Nie ma obaw o odejście żadnego z najważniejszych piłkarzy?
Nie. Zadbaliśmy o to, by kontrakty wygasające w czerwcu lub na przestrzeni całego roku zostały przedłużone u kluczowych zawodników. Jesteśmy zabezpieczeni.
Jak wrażenia z pierwszych miesięcy współpracy z Dawidem Szulczkiem? To trener, który mógł czekać i liczyć, że dostanie coś w Ekstraklasie, choć pewnie nie w tak wielkim klubie. I wasza, i jego decyzja była zrozumiała, ale obie strony zaryzykowały.

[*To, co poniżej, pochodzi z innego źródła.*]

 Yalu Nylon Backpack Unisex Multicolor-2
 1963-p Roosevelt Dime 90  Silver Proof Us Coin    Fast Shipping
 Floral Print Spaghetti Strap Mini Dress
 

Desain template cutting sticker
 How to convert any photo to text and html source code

Myślę, że Ruch mimo wszystko miał po swojej stronie mniejsze ryzyko. Brał trenera z jakością, uznanego na polskim rynku. Byliśmy przekonani w stu procentach, trener również, ale wiadomo, że miał też inne zapytania, miał prawo zastanawiać się nad tą decyzją. Myślę, że w tym wszystkim - tak w piłce, jak i życiu - najważniejszy jest timing. To, w jakim momencie byliśmy w potrzebie i zgłosiliśmy się do trenera, który był wolny. Wstrzeliliśmy się idealnie. Te negocjacje nie były trudne, ale to, żeby przekonać trenera, by przyszedł do I ligi, nie było takie łatwe. Na szczęście się udało.

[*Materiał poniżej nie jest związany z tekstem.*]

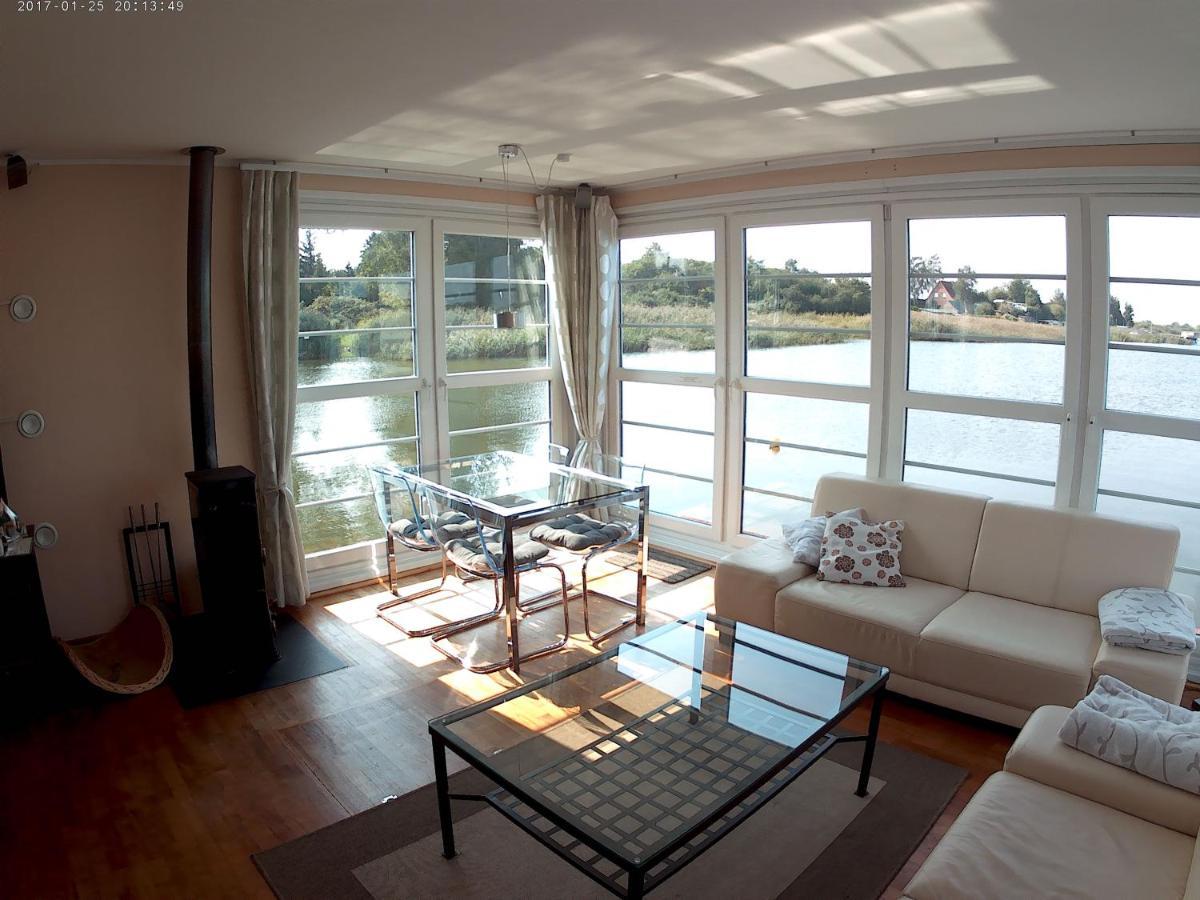Hausboot Lagoon Stralsund Bagian luar foto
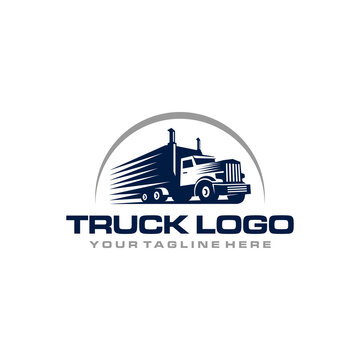 Truck Car Logo Sign Design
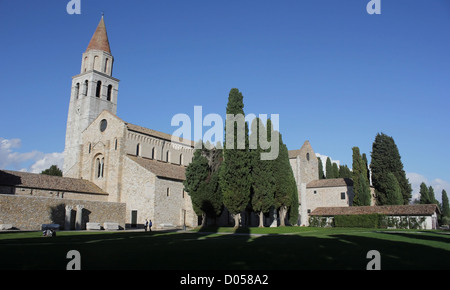 Basilica paleocristiana di Aquileia, Italia Foto Stock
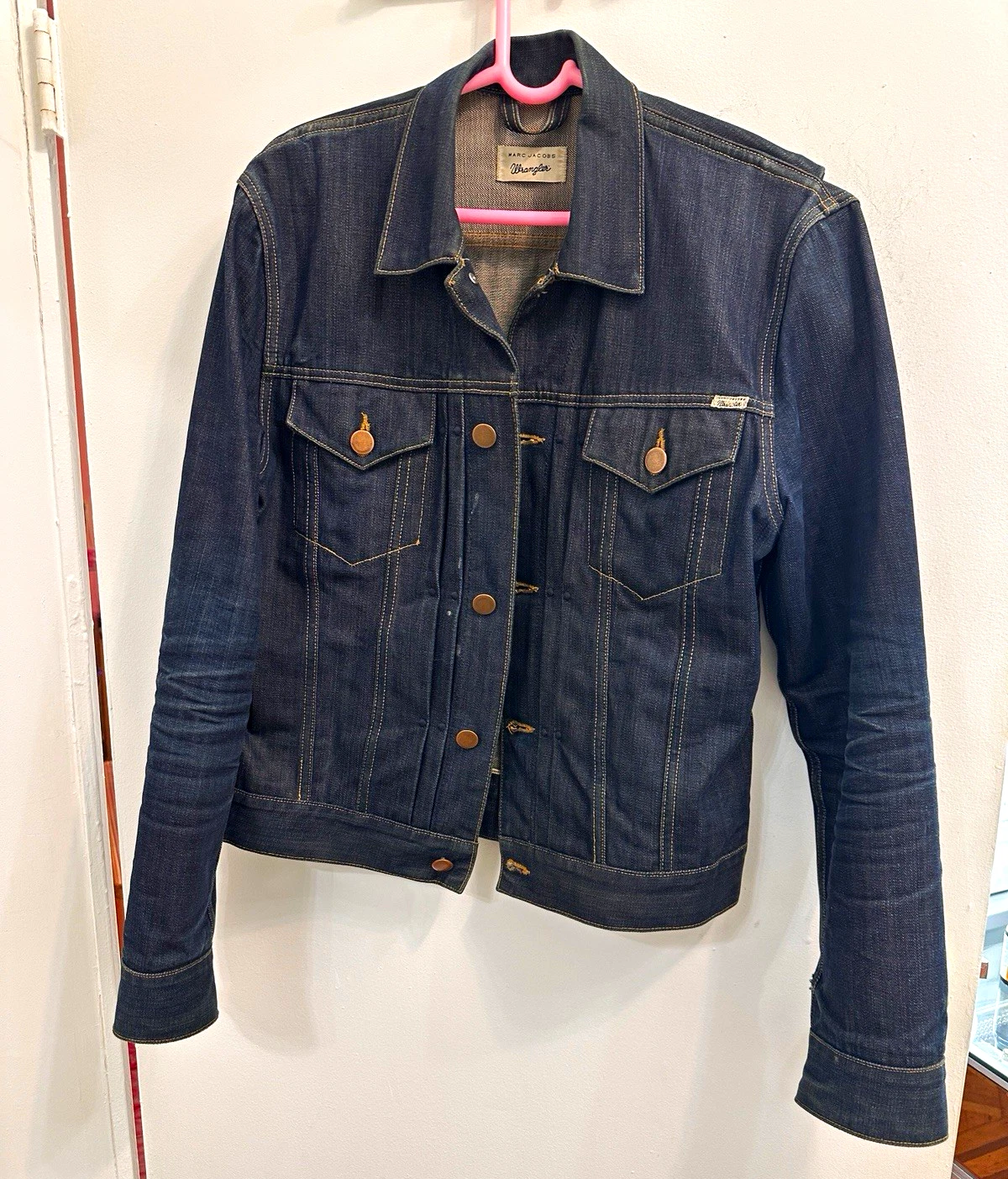 Vintage 2006 Marc Jacobs x Wrangler Denim Trucker Jacket Size L Rare image 1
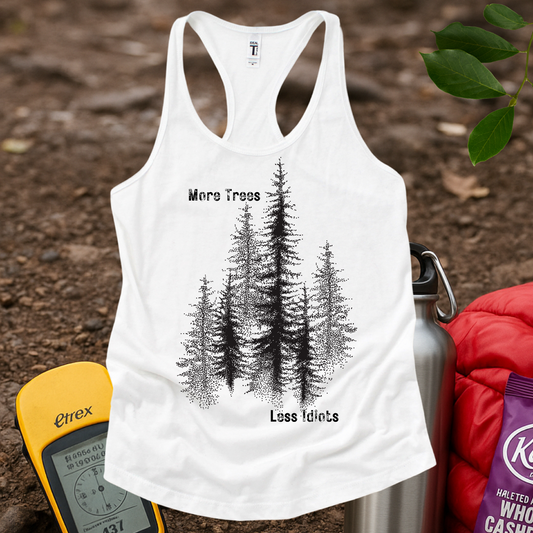 More Trees Women's Racerback Tank Top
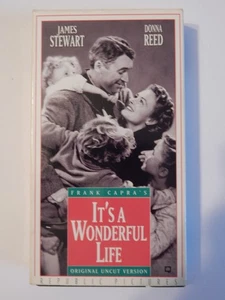 It's a Wonderful Life (VHS) James Stewart Donna Reed - Imagen 1 de 1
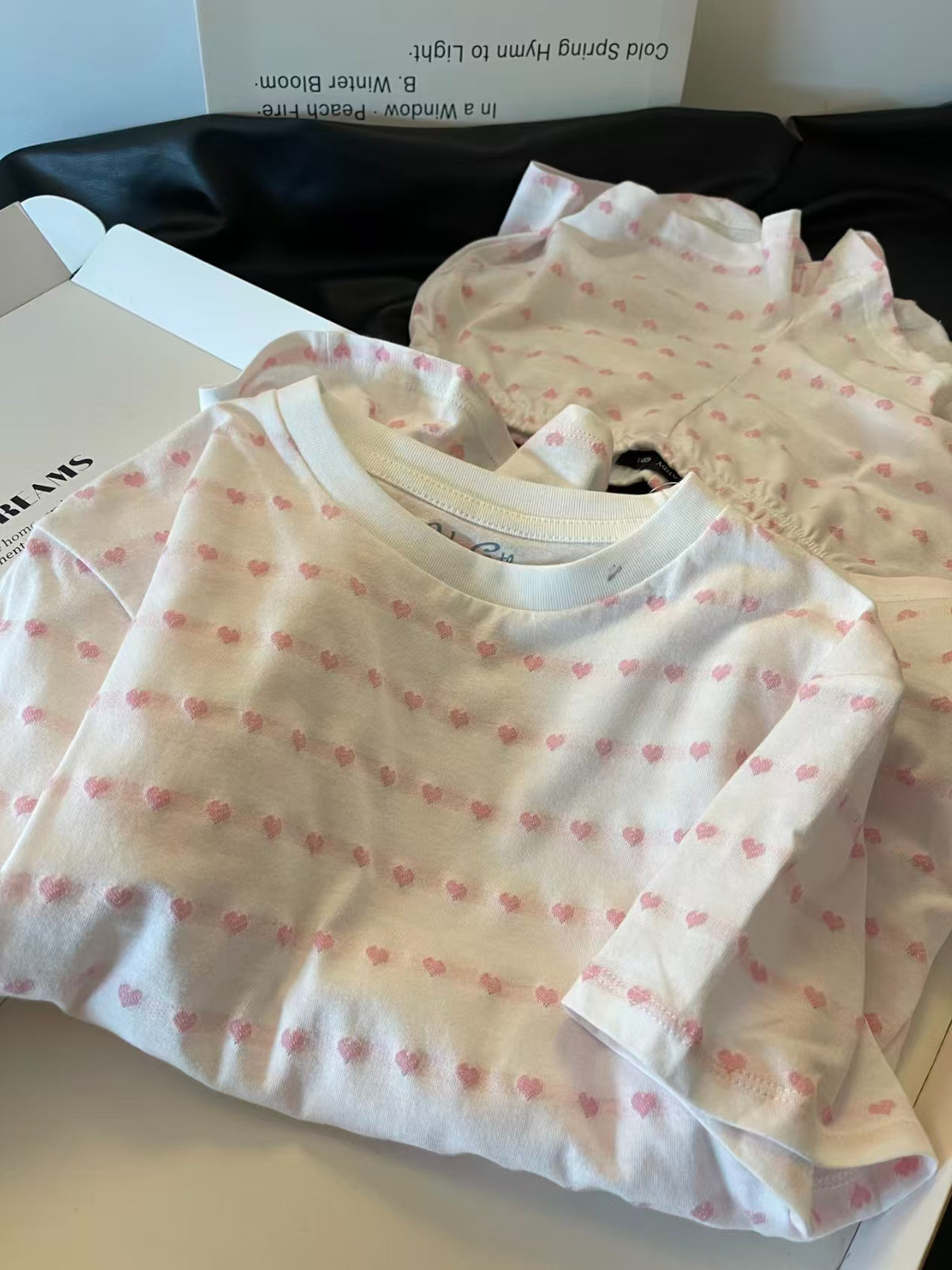 Sweet Feminine Summer 2 Pcs Women 's Short  Sleeve Sleep Set | Color: Style 1 | Image 1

A sama współpraca wygląda bardzo dobrze. Jesteśmy bardzo zadowoleni, myślę, że trener potwierdziłby moje słowa. W pionie sportowym, który tworzymy, kontakt, komunikacja i relacje są dla nas bardzo ważne. Utrzymujemy je na bardzo wysokim poziomie i sądzę, że tak zostanie.
Zimowy okres przygotowawczy w Polsce jest dość długi. Czy dostrzegłeś w nim u trenera Szulczka coś innego niż widziałeś wcześniej, czy mógłbyś coś więcej powiedzieć?

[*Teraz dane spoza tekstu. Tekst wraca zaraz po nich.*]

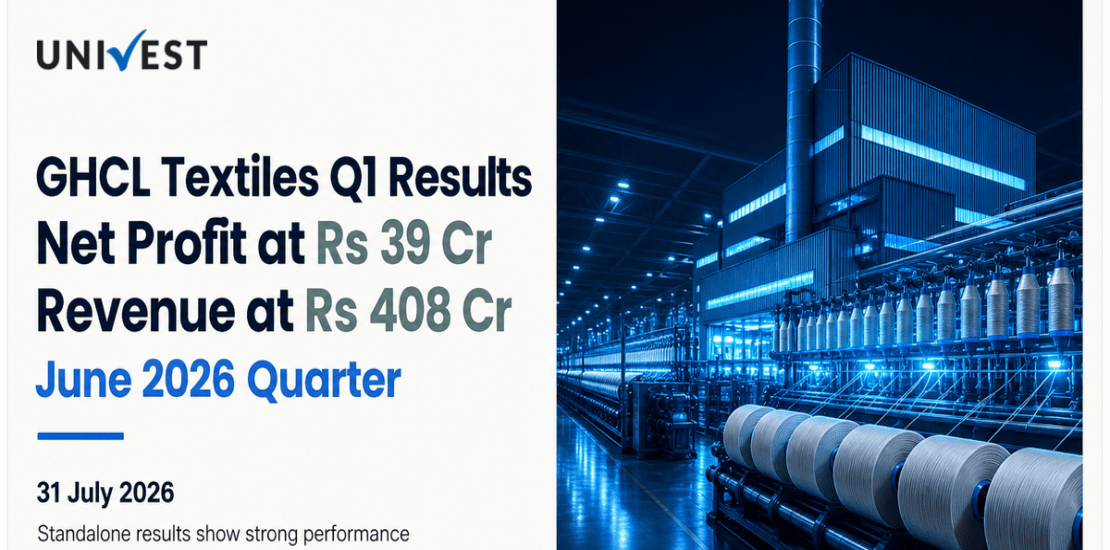 GHCL Textiles Q1 Results FY27: Net Profit at Rs 39 Cr for June 2026 Quarter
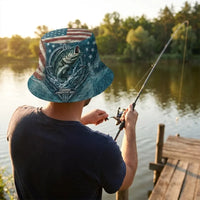 Fishing American Way Bucket Hat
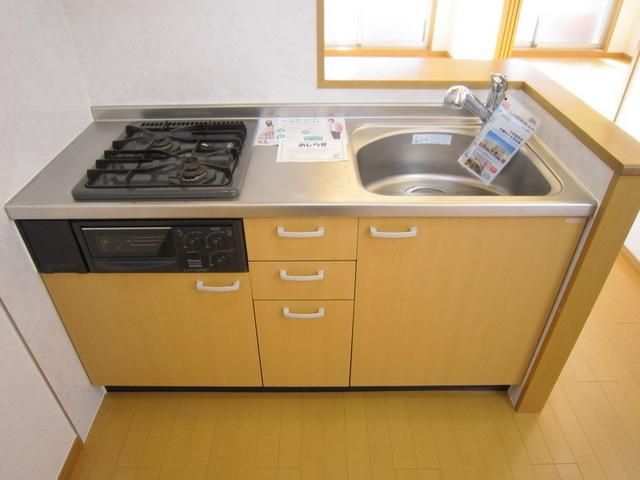 キッチン　人気の２口カウンターシステムＫ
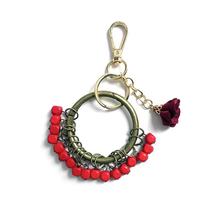 New Retro wind couple Acacia bean car keychain Red bean love key ring Glamour jewelry Female bag pendant Male car key chain 2024 - buy cheap
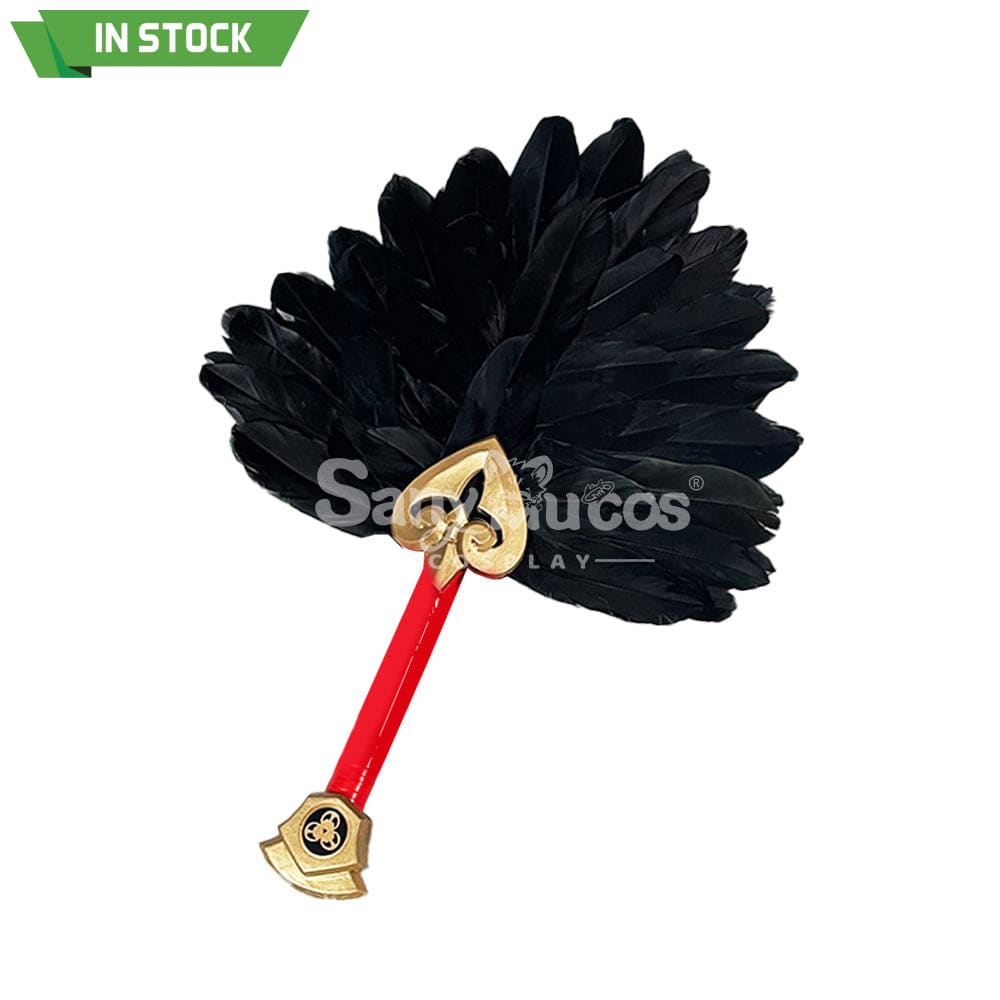 【In Stock】Game Genshin Impact Cosplay Kujo Sara Feather Fans Accessory Prop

Dawid Szulczek to pierwszy trener, z którym miałem okazję współpracować - mówię to też jako były piłkarz - tak bardzo zwracający uwagę na detale, jeśli chodzi o odczytywanie nadajników GPS i bazowanie na nich, układanie pod to jednostki treningowej, przerywanie czy skracanie jej. Jest to na bieżąco monitorowane. Oczywiście, niemal wszyscy się tym zajmują, ale ja osobiście pierwszy raz widzę zajmowanie się tym tak detalicznie i kompleksowo. Mi się to bardzo podoba. Często robi się badania motoryczne, ale później one są wrzucone gdzieś w tabelki i na ich podstawie tworzy się jakieś grupy. A tutaj jest to systematycznie cały czas pilotowane.
W rundzie wiosennej dziesięć meczów Ruch gra u siebie, tylko pięć na wyjeździe. Patrząc po terminarzu, te “wielkie” mecze są na Stadionie Śląskim - z Wisłą Kraków i Płock, Arką, Termaliką, Miedzią i ŁKS-em. To na pewno przewaga. Wy też tak to postrzegacie? Jak chcecie to wykorzystać?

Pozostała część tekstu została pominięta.